RFE/RL: There were two German literary groups in Romania, yours in Timisoara, and another one in Cluj. They were less political, right?

Mueller: Yes, they were. That was the difference. And back then such a difference meant a lot. For us in Timisoara what they were doing in Cluj wasn't enough. We felt we had to be directly political, and they didn't. They were careful to phrase their language so the Securitate, the secret police, couldn't find obvious faults. But we were also in a different situation. We in Timisoara were unemployed, they had kicked us out of our jobs. They had fired me from "Tehnometal," a company making tools and machines. I had worked as a translator of technical terms, about tractors and wires. They would import tractors from East Germany or Austria, sometimes even from West Germany, and I was supposed to translate the user's manual. I never truly understood those matters. I had a huge dictionary, which always gave me some 20 options for the same word. But I used to ask the workers in the factory, they spoke German and Romanian and more importantly they were familiar with the machines. I spent three years in the factory. The first two years in the translation department, then in a different one, a PR department, if you wish.

Secret Police

RFE/RL: Which was probably "designed" by the secret police.
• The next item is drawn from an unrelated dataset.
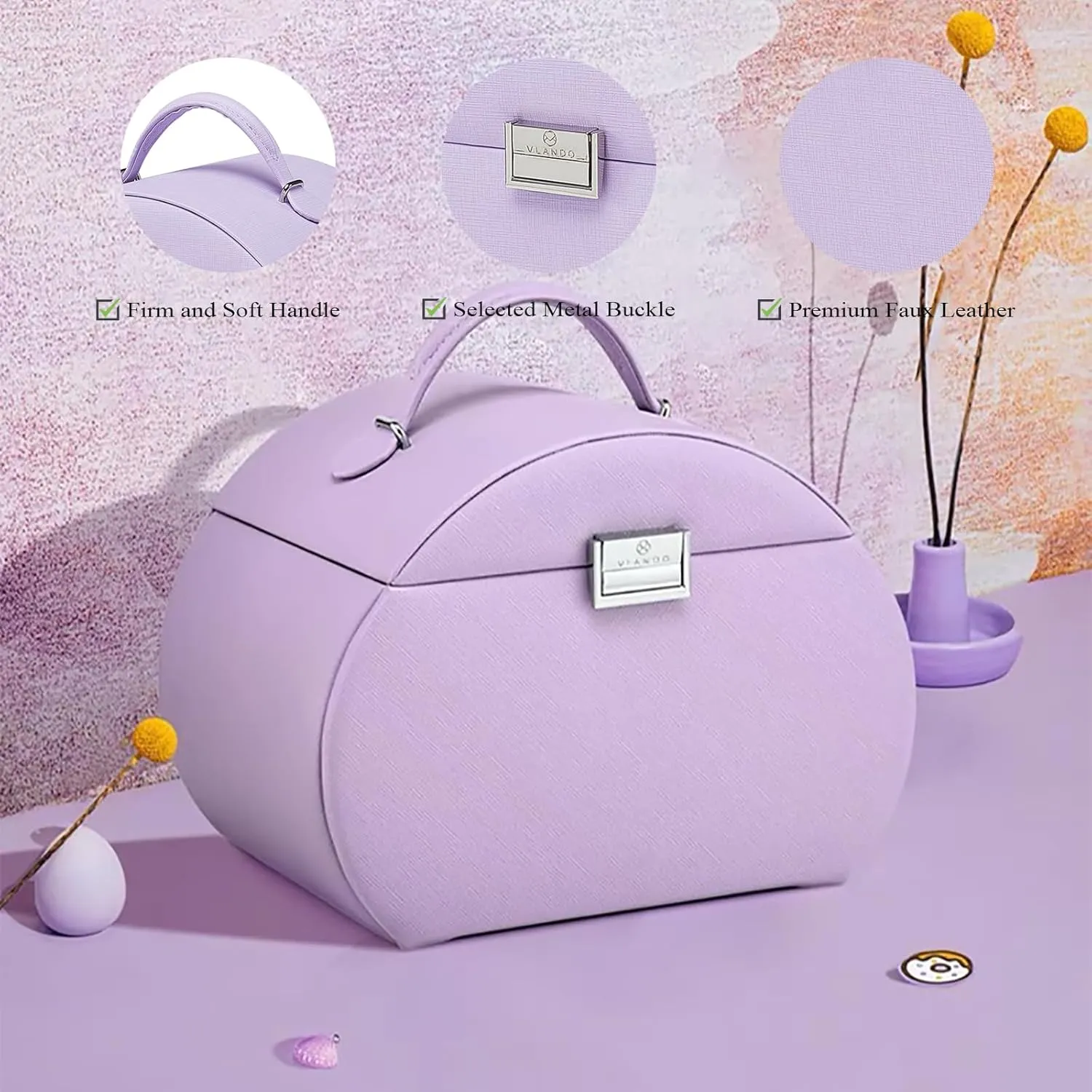 Elegant political latter culminate Storage for Your Treasured Accessories, Purple Vlando Princess-Style Luxury Jewelry Box, Leather Mirrored Necklaces Earrings Rings Watch Organizer,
Mueller: Yes, I realized that later. The Securitate people came in and told me that if we had guests, from Germany for example, after meeting the guests I would have to write down for the Securitate "my impressions." Also, they wanted me to write down what my Romanian colleagues, the specialists, had told the Germans. And they didn't mind if I went out with the foreign guests -- at which I had to tell them I was not a prostitute. Also, I told them that I was bad observer of people, that I had been wrong a thousand times about people. But the Securitate guy said he wasn't interested in that -- he wanted my opinion as it was, an honest, personal opinion. Then he wanted me to write down that I would collaborate and I told him I would not do it.

RFE/RL: And?

Mueller: He slammed the door and said, "I'll get you into trouble" or "I'll throw you into the water," in Romanian slang. He didn't literally throw me into the water, but there was no peace for me after that. For several weeks I was called every day at 7.30 to the office of my boss to discuss the matter with him and with the Communist Party secretary and the Communist Youth secretary. Every time they told me to resign and look for another job, but I told them I loved working in the factory so much that I couldn't even think of looking for another place. I told them they had to fire me if they wanted to get rid of me, and asked them to also specify in writing the reason why they were firing me. That is, my refusal to collaborate with the secret police, the Securitate. Then I went to talk to the labor union people, to complain, but the union leader didn't even want to listen to me.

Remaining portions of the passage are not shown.